Non vorrei aggiungere detersivo ai panni sporchi lavati in pubblico da Daria Nicolodi sul suo difficile rapporto con la figlia Asia Argento, ma dietro quella lite amplificata sui social network si nasconde una questione spinosa e antica, ovvero quanto può essere bello, ma anche difficile, il rapporto con la propria madre. Riassumo brevemente la vicenda per chi non segue i pettegolezzi sulle cosiddette celebrità. Asia Argento, cacciata come giudice da quei moralisti di XFactor dopo le dubitevolissime accuse di stupro lanciatele da Jimmy Bennett, viene fotografata mentre bacia l’iper tatuato Fabrizio Corona.

La madre di Asia, Daria Nicolodi, le fa sapere via twitter che trova i due piuttosto patetici. La figlia le risponde in privato con messaggi insultanti e pesanti, che non riferisco per non dare corda al voyerismo. La madre li rende pubblici, la figlia le chiede scusa per averle rivolto quelle parole, ma sottolinea anche che non si divulgano messaggi privati perché i panni sporchi si lavano in famiglia. Nicolodi non si ferma e, nell’ultima puntata della socialnovela, aggiunge benzina al fuoco dicendo che non accetta che la figlia stia con quel signore, e giù a riferire altri particolari dolorosi e privati.

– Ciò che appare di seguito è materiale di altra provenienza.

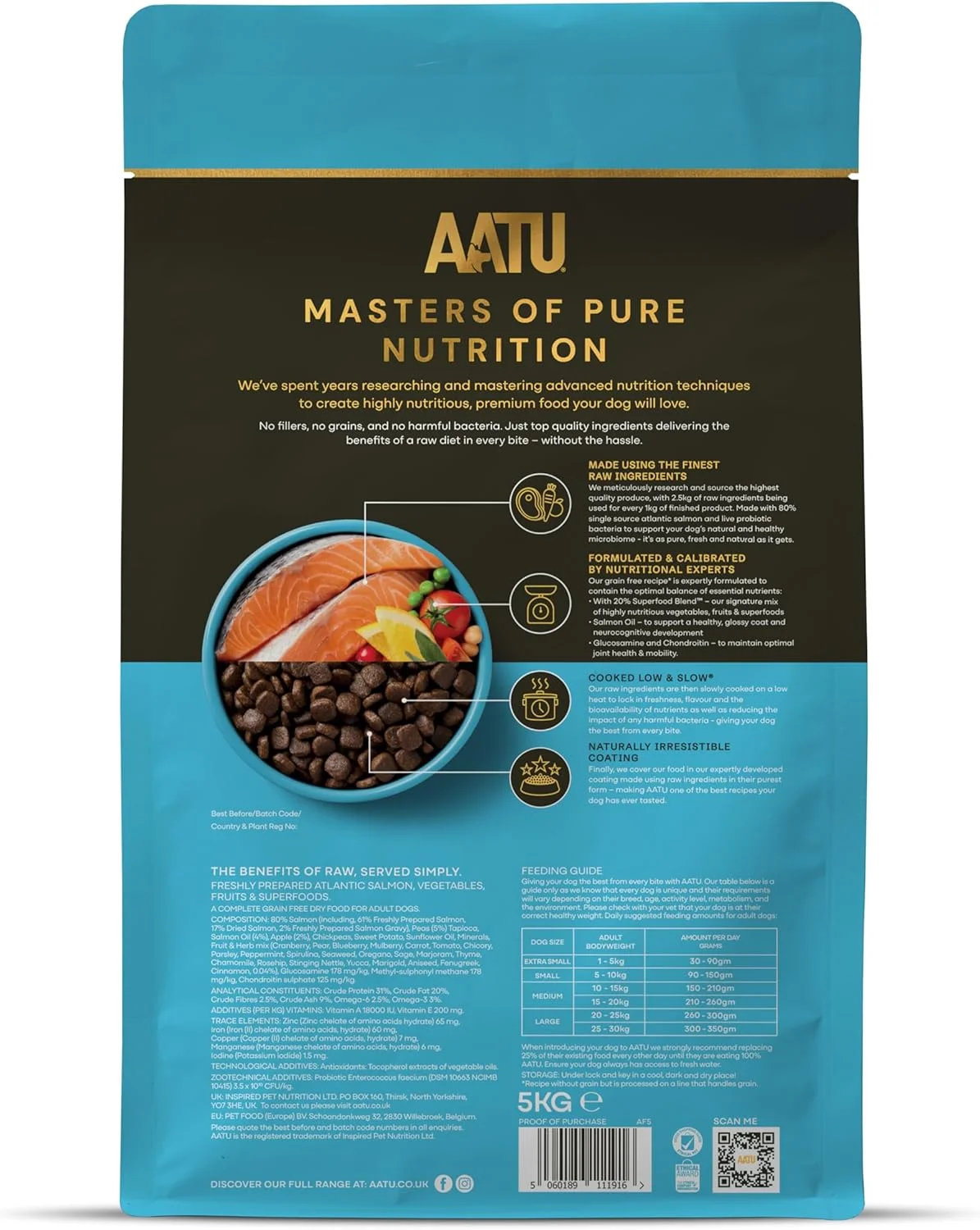 غذای خشک کامل سگ AATU 80/20، طعم سالمون، 5 کیلوگرم - جایگزین غذای خشک برای تغذیه خام، پروتئین بالا. بدون مواد مضر، بدون پرکننده.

Benché nemmeno a me piaccia quel soggettone di Corona, va detto che sono affari di Asia Argento decidere chi frequentare, che se insulta sua madre in privato la cosa non è edificante, ma non lo è nemmeno trovare i suddetti insulti spiattellati ai quattro venti a sua insaputa. Le famiglie sono piene di panni sporchissimi e la vecchia convinzione che andrebbero lavati in famiglia ha prodotto danni pesanti, soprattutto sulla parte che subisce maggiormente il potere patriarcale, ovvero le donne i bambini. Lavare in casa o in famiglia i problemi, in molti casi vuol dire ricorrere a una soluzione fai-da-te che non dà voce alle esigenze del più fragile, ma le soffoca.

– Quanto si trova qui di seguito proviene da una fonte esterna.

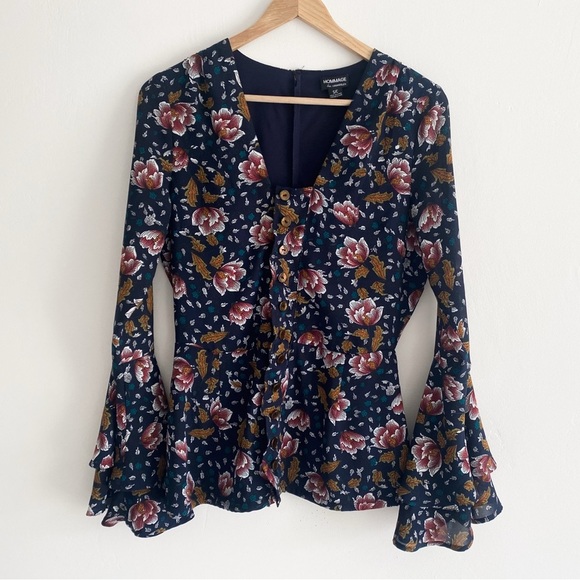 Hommage From Los Angeles Women’s Floral Blouse, Navy Blue, Size Small - Picture 8 of 12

Chi ha visto le proprie madri schiacciate dalle imposizioni di genitori o mariti sa quanto ciò può essere devastante perché si assiste alla negazione della soggettività. In questi casi la salvezza può arrivare da chi sta fuori dalla famiglia (un’associazione antiviolenza, uno psicologo, un’analista, amicizie, un lavoro), ovvero tutto ciò che offre ascolto e appoggio mostrando altre opportunità. È un percorso doloroso e difficile di confronto/scontro con se stessi, i propri fantasmi, le relazioni e non lo si può praticare in pubblico, ma nell’intimità di un ambiente protetto, al riparo dal chiasso.

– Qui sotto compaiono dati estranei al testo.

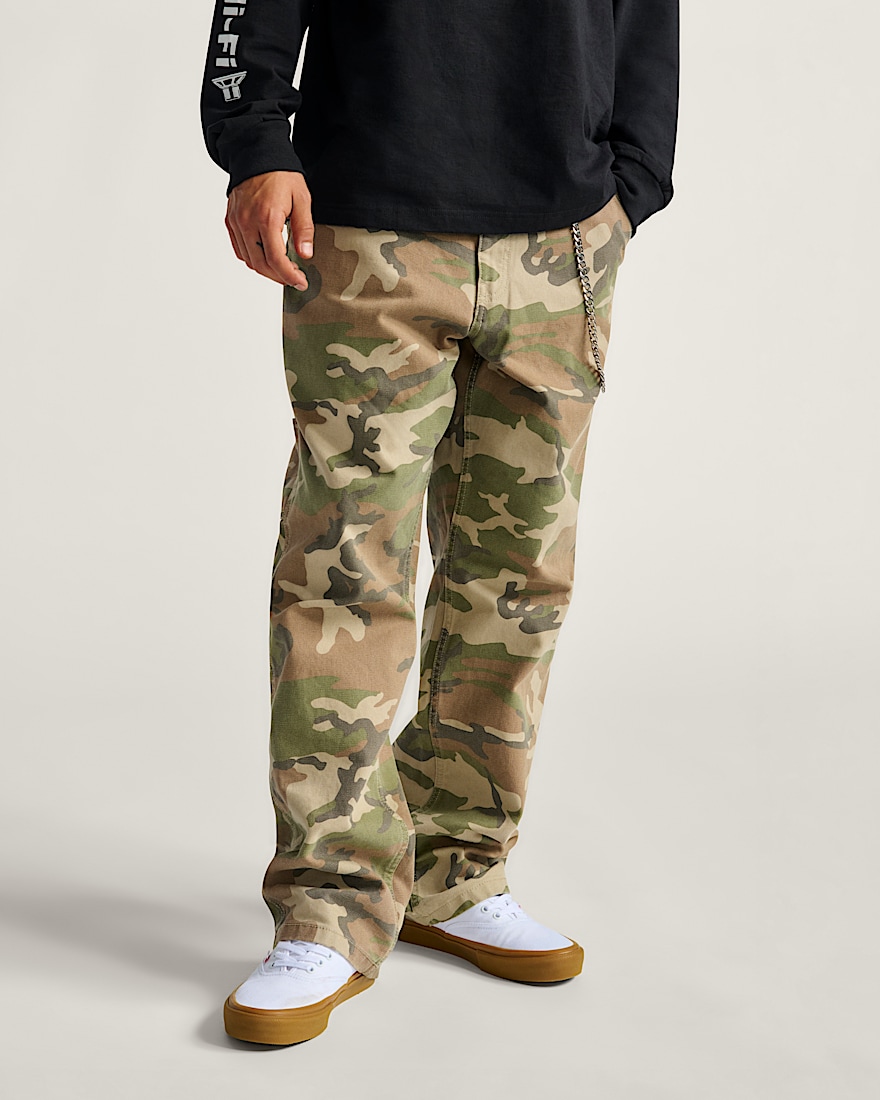 Drill Chore Carpenter Loose Denim Pants VANS Vintage Camo Black HERO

La madre, proprio perché è colei che dà la vita, nutre, cresce, insegna e accudisce, è anche un simbolico. Se quel simbolico è difettoso, malato, distopico o sofferente produce difficoltà nel migliore dei casi, disastri nel peggiore. Tutte abbiamo fatto, e facciamo ogni giorno, i conti con la figura materna percorrendo una strada irta di ostacoli, opportunità e cambiamenti. Tutte siamo passate attraverso sentimenti di amore, condivisione, distanza, insofferenza, recupero, solidarietà con le nostre madri.

Qualcuna di noi le ha solo amate, altre detestate e odiate, altre ancora si sono allontanate e riavvicinate e non è un caso se molte autrici hanno trasferito nella narrazione quel complesso rapporto. Altre lo faranno perché è una materia che non si esaurirà mai. Il femminismo ha inventato la pratica dell’autocoscienza, quel ritrovarsi fra donne e raccontare ad altre, capaci di ascoltare e condividere, il proprio vissuto. Lì dentro si può anche confliggere, che è ben diverso dal mettere in piazza insulti e rancori. Quello serve solo a far spettegolare i guardoni.